I have trouble believing any of the generalizations about generations–it’s like assertions about people’s personalities based on birth order–so vague that most could be anything and everything. And temporal boundaries in analysis are similar to spatial boundaries in geographic analysis: they’re impressionistic and yet still meaningful, but you can still get up to all sorts of analytical shenanigans by how you choose to cluster data points.
Francis Beckett of the The Gaurdian opines, however, that UK Boomers are selfish and powerful; they have pulled up the ladder they climbed and left their children with a far harsher, rather than better, world:
Harold Wilson saved the baby boomers from having to fight alongside young Americans in Vietnam. When the baby boomer generation formed a government, its prime minister, Tony Blair, told lies to the young so that he could send them to fight alongside the Americans in Iraq. Opinion polls show that the now elderly baby boomers will use their increasing voting power to ensure that when the bad times come, the young are hit first, even though it is by a chancellor of the exchequer who was not even born until the 60s were over. When the baby boomers were young, they believed society could afford student grants; now they are old, they think it can afford pensions. I say it can afford both – but only if young and old alike learn to care for each other.

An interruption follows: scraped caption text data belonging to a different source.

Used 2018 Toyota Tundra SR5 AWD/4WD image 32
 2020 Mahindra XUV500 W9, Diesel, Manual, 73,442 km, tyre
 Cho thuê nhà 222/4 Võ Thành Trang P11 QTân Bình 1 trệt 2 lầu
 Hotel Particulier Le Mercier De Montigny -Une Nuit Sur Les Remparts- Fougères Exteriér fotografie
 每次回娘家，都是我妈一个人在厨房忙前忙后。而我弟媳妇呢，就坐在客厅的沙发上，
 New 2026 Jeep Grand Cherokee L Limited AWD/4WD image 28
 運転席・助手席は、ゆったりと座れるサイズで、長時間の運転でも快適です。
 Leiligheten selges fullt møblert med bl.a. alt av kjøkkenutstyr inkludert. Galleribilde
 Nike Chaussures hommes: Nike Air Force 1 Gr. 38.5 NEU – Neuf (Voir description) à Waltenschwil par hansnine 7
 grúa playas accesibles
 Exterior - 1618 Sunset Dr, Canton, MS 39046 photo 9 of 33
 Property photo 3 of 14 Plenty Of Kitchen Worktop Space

What do you think? I rather think there’s something to be said for this, not on character but on demographics. If you are voting majority, you get distributive powers. It’s not clear that people vote their pocketbook, but it’s an interesting set of worries. Why would the Boomers do this type of thing to their kids? If Beckett is correct, perhaps it’s an intergenerational game where they think theirs will be provided for via inheritance–and who cares about others’ kids? (The private school public school rationale, writ over a greater variety of social policies programs?)